Rozelle’s leadership on revenue sharing and new television contracts not only increased the league’s revenue and exposure but also made football America’s number one sport. Rozelle shaped the NFL into a cultural and economic powerhouse. “Rozelle is someone who transcended sport and represents what America has to offer, no matter what your profession or cultural interests,” says Nick.

That powerhouse’s headquarters, New York City, connects to this episode’s focus, which is the myriad challenges facing the Big Apple largely due to years of leftist policies from the city’s leadership.

Nick recounts a trip last month to New York and delves into the city’s decline over the past few years, exacerbated by pandemic policies. While only in town for a couple of days, “I made it a point to talk to as many residents and businesspeople and workers and business owners as possible,” says Nick, proceeding to summarize the concerns and frustrations of those he spoke with along with personal observations.

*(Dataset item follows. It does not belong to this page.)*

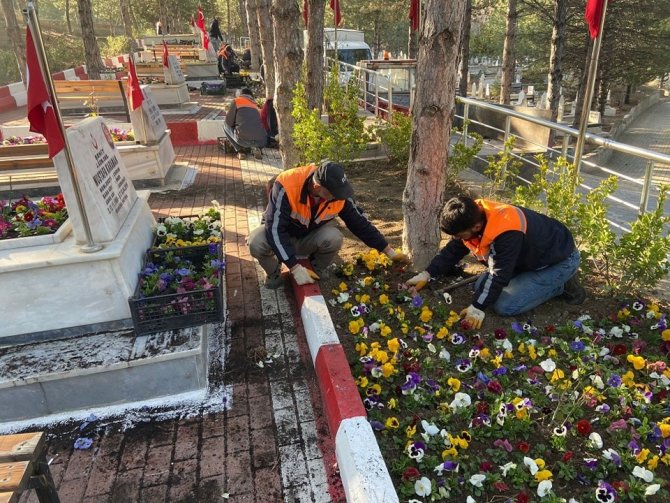 Sungurlu’da Şehitlik Çiçeklerle Donatıldı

Nick first addresses crime, describing the city’s vibe as tense and on edge, followed by a discussion on the controversial leadership of Mayor Eric Adams as he’s “suffering from a host of issues.” Those issues span affordable housing to corruption allegations, but most notably a migrant crisis.

That crisis made disturbing national news just before Nick’s visit, after a recent assault by migrants on New York Police officers in Times Square and Manhattan District Attorney Alvin Bragg’s ensuing response. “D.A. Bragg made a mockery of the entire justice system,” says Nick.

Nick also examines once again the city’s transportation mess, from the deteriorating condition of the subway to the implementation of the regressive tax that is congestion pricing.

Concluding his observations on the headwinds facing New York City, Nick shares troubling insights evidenced from a lunch at a friend’s Little Italy restaurant. And visible from that lunch was the mysterious and windowless Long Lines Building in Tribeca, which serves as an intriguing close for Far Middle episode 146.